On March 24, the Managing Director of DSP Garments, a well known innerwear brand in Tirupur, Surya Prakash, told his family that he was going to Bengaluru on business. He had been undergoing treatment for depression for the past 20 days. The reason – teetering losses in business, thanks to a series of unfortunate events, culminating in the global Coronavirus situation.
But Surya Prakash did not go to Bengaluru. He went to Coimbatore’s Residency Hotel, booked a room on the sixth floor and took his life. Surya Prakash was only 34 years of age.
It is not known how much of a loss Surya Prakash had to bear. But what is for sure is that the textile industry of Tirupur is reeling under the shock of the virus.
Even before Section 144 was imposed on March 24 across the state of Tamil Nadu, Tirupur wore a deserted look.
The Manchester of India or the Dollar City, famed for its large textile industry, is usually a crowded congested city with Tamil and Hindi ringing out together as migrant workers and locals work side by side to make a living.
As The Lede entered the garment factory belonging to Raja M Shanmugam, a large firm called Warsaw International, no one was willing to shake hands.
An assistant told The Lede that in Tirupur nowadays, no one extends a hand. A vanakkam with folded palms is in order.
Raja Shanmugam, who is also the president of the Tiruppur Exporters’ Association is a worried man. He is anxious about the future of the textile industry.
“In Tirupur, as you know, we are all exposed to the Western markets, particularly European Union and America. Both markets have dwindled because of this Coronavirus crisis. All the governments have shut down the businesses in entirety in European Union as well as the US and Canada too. This is the greatest evil situation that we have experienced in our lifetime,” he began.
Shanmugam had held a meeting last week with all associations that represent different units in Tiruppur’s textile hub. In that meeting, which was attended by big and small textile factories, it was decided that all firms will continue to work and that the associations would help everyone get support from the government.
But despite this decision, all companies, large and small are staring at huge losses. “Tirupur is doing a turnover of around Rs 2500 crore per month.
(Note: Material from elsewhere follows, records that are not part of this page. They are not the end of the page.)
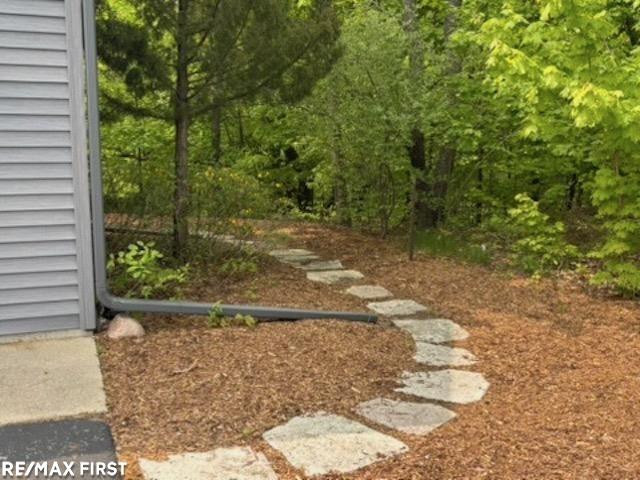 3922 S. Bay Bluffs Drive, Cedar, MI 49621 — Photo 4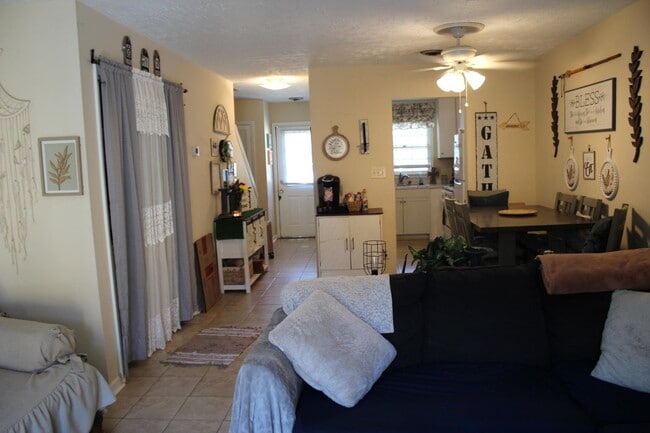 Photo - 1025 Carolina Rd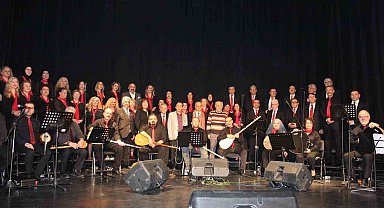 BEY-DER Türk Halk Müziği Korosu konseri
So if you compute this January and February itself, it comes to Rs 5000 crore. In this month, Rs 2500 crore worth of business is happening, but everything has been put on hold. So now no shipments have been allowed and those which are on the high seas right now, they are a big question mark because they are not likely to get clearance. There is no one there to clear the goods and take it to the warehouse. So this is the worst situation that we have faced. In these three months alone we have taken a big hit to the tune of Rs 7500 crore,” laments Shanmugam.
But the damages are, in reality, far worse. Franklin Augustine, a shipping company owner told The Lede that the industry was in fact looking at double the losses.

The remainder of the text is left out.